Nearly all EVP instructions can be executed with an attached vector mask. This functionality can be used to preserve a part of vector while another part gets updated by the processing element.

Parallel to the vector datapath lies a scalar datapath which can be used for conventional scalar operations. Scalars can be transformed into vectors by the vector broadcast unit which connects the scalar and vector datapath. The EVP is pipelined and has bypasses to allow vectors to be forwarded from one functional unit to the next.

A program control unit is responsible for the instruction stream. It supports zero-overhead looping by means of explicit instructions which are added at assembly level.

The instruction stream that is being executed is of the VLIW type. Five vector operations and 3 scalar operations can be executed in parallel, combined with address updates by the program control unit. Programs are written in EVP-C, which is a superset of ANSI-C with extensions to support vector datatypes and to target specific functional units.

1.3 Problem description

In the previous sections we have introduced the concept of SDR, which is being used to create handsets that support multiple mobile standards. Gradually, more and more of the processing that was previously done in analog or dedicated hardware moves to the area of programmable processors.

The current boundary between the dedicated hardware and the programmable hardware lies between the baseband processing and the Digital Front End. Front end processing is very similar for the available standards, allowing a weakly configurable ASIC to perform most of the processing efficiently. Still, the ability to update and reuse the same hardware for multiple functions can be seen as an argument to move portions of the DFE processing to a programmable processor. This thesis will explore this possibility.

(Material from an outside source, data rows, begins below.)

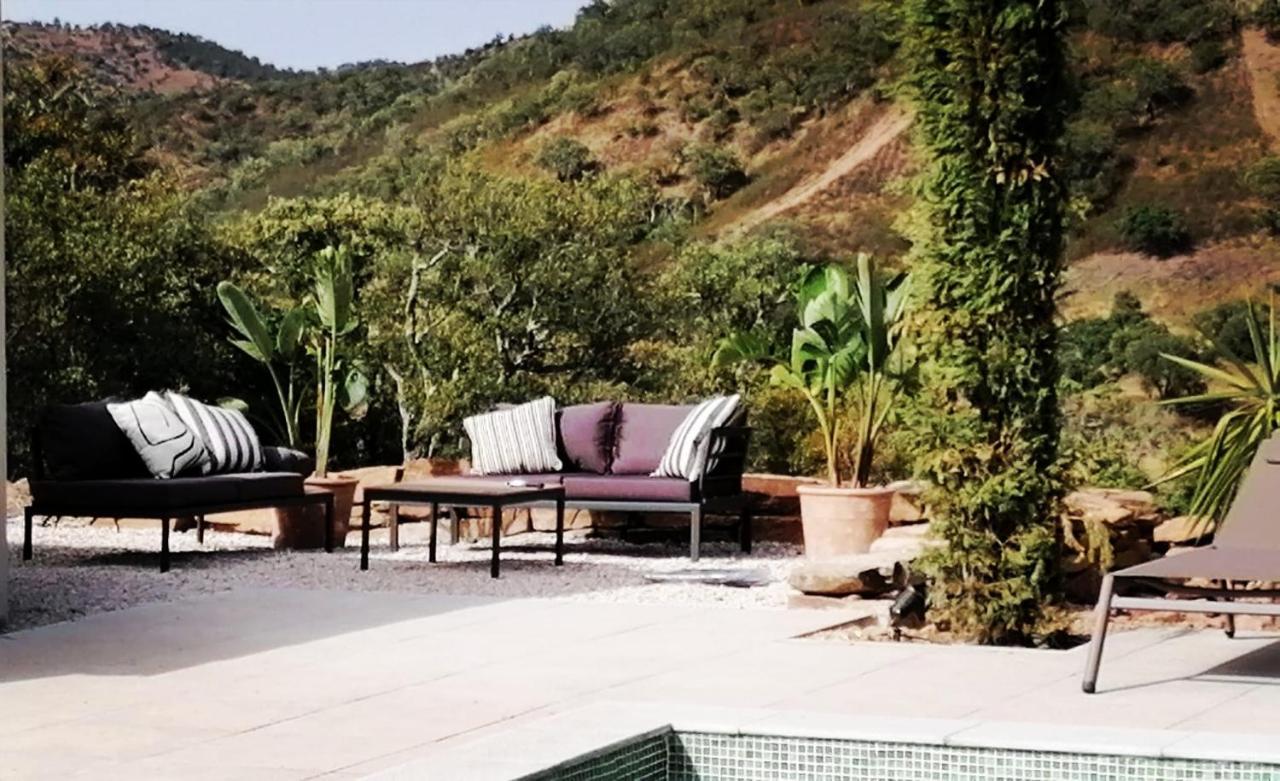 B&B Casa Escondida, adults only Alte Exterior foto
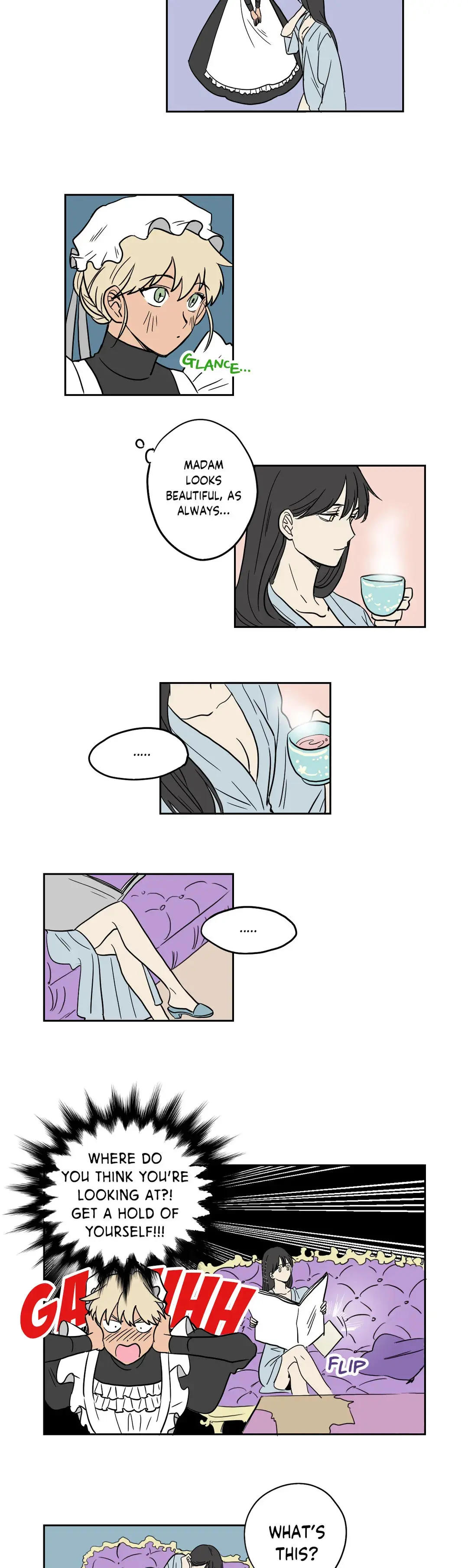 Maison De Maid Chapter 19 - Page 2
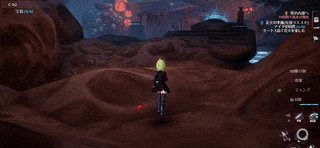 Tower of Fantasy - Ruin C-02 Treasure Chest 3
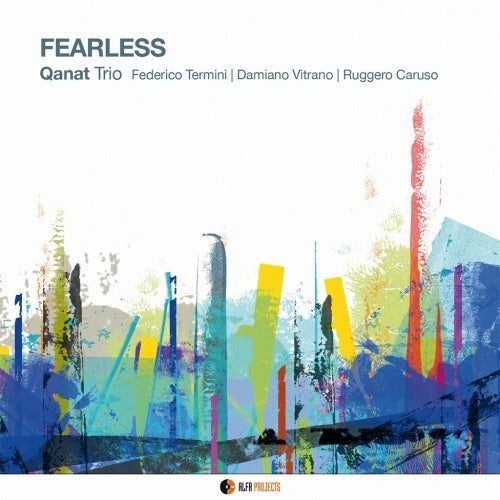 Qanat Trio - Fearless - Import CD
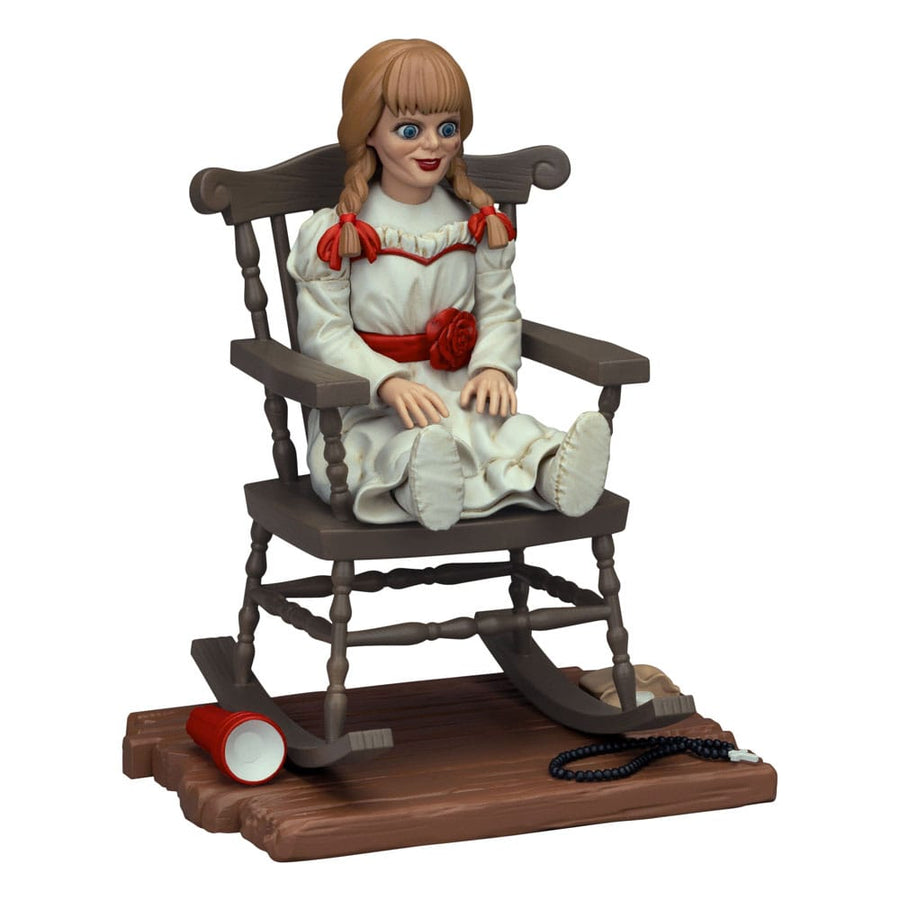 Annabelle D - Stage PVC Statue Annabelle 12 cm - The Happy Toy Store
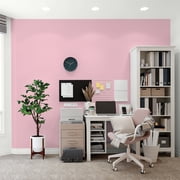 Glidden Spred Rose Melody Interior Flat Paint & Primer 1 Gallon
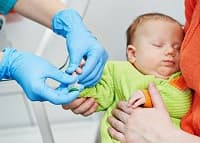 грудной ребенок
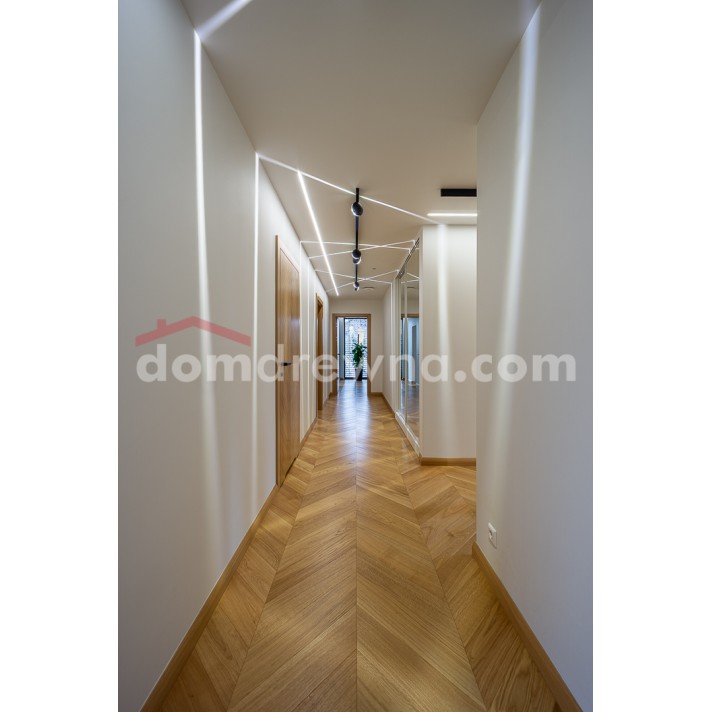 FinishJodła - Francuzka - Dąb Exclusive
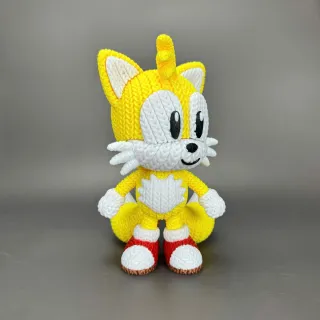 Figura 3D Tails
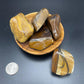Tumbled Tigers Eye (larger)
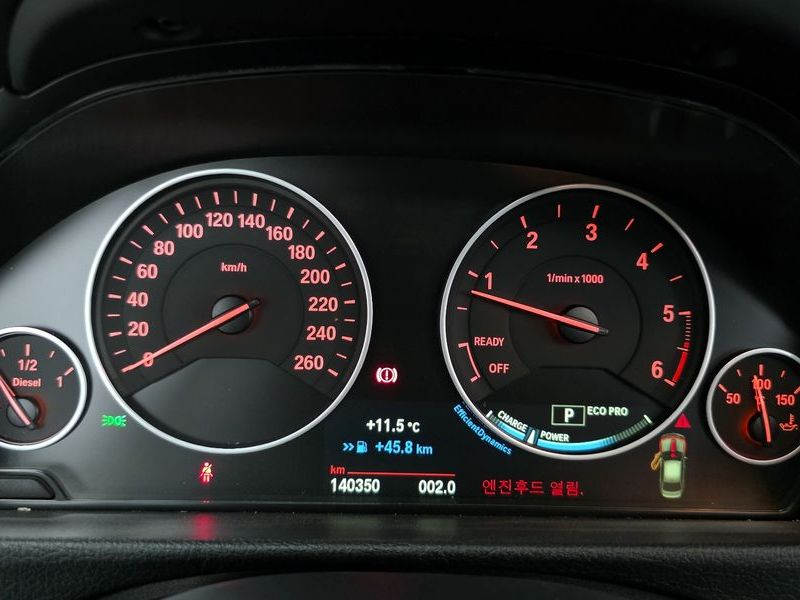 2015 BMW 3 Series 320d ED Edition photo 8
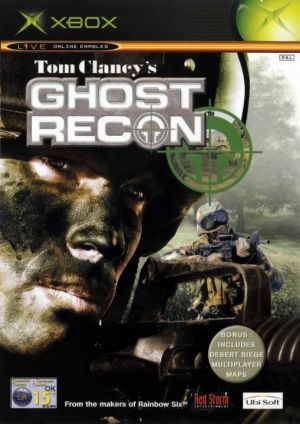 Tom Clancy's Ghost Recon for Xbox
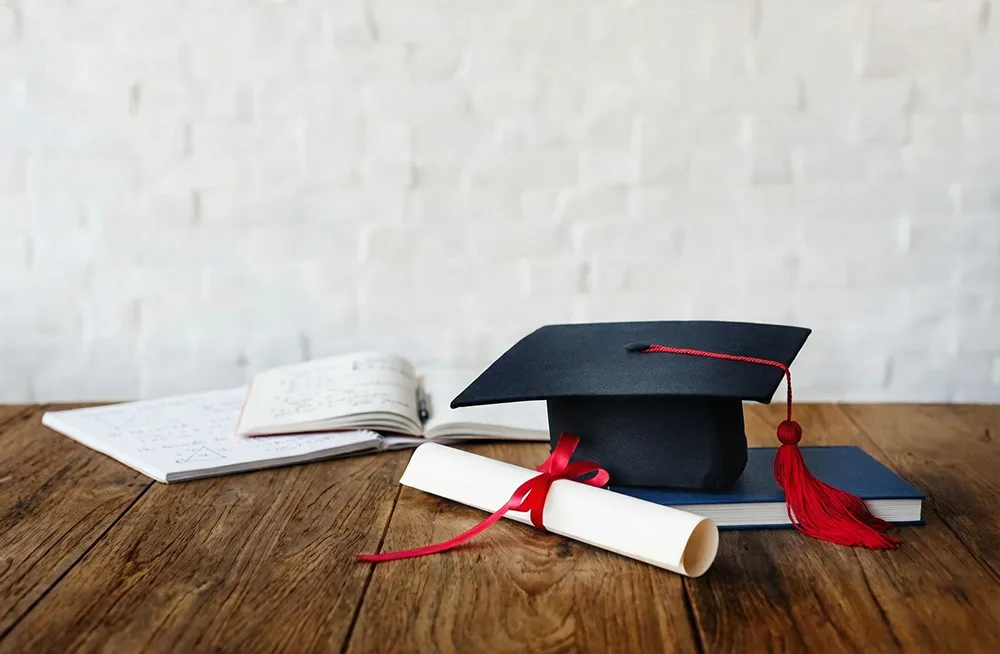 Réussite de son BUT GMP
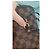 Borsa Tote Louis Vuitton Neverfull MM Damier Ebene Canvas Marrone Monogramma - vista 13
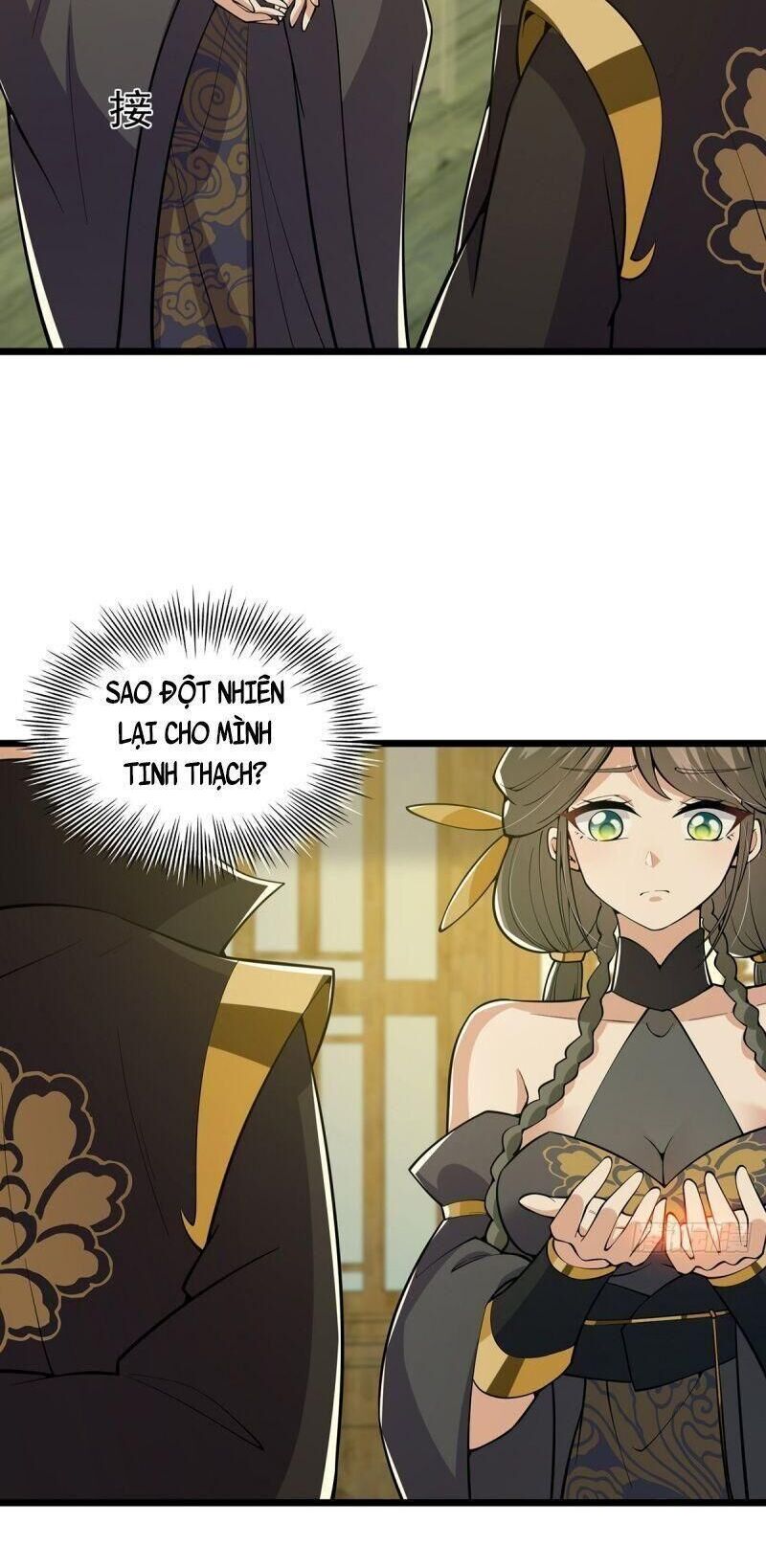 Ta Xuyên Không Với Max Điểm Mị Lực Chapter 17 - Trang 2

The existing EVP processor will be used as the candidate processor. The EVP template offers the possibility to exploit both data and instruction level parallelism by combining an SIMD datapath with a VLIW structure and is very flexible in that sense.

Using the EVP as a starting point will allow for the reuse of an existing tool chain. This puts constraints on the programming model and the design space is narrowed down considerably. The goal is to use the outline set by the EVP architecture and to propose adaptations and extensions to make it a more efficient candidate for front end processing.

In this thesis we will focus on one function in the DFE: integer sample rate down-conversion, also called decimation. A decimation algorithm is inherently hard to map on a vector processor, because it contains non-sequential data access patterns. These are generally not supported by the memory interface, which means they have to be generated in the processor core. Since the processors works at the granularity of samples inside a vector, a large overhead is introduced when the data samples are multiple vector lengths apart. This overhead consists of merging multiple vectors into one and reordering the samples inside this vector. This thesis aims at the reduction of this overhead.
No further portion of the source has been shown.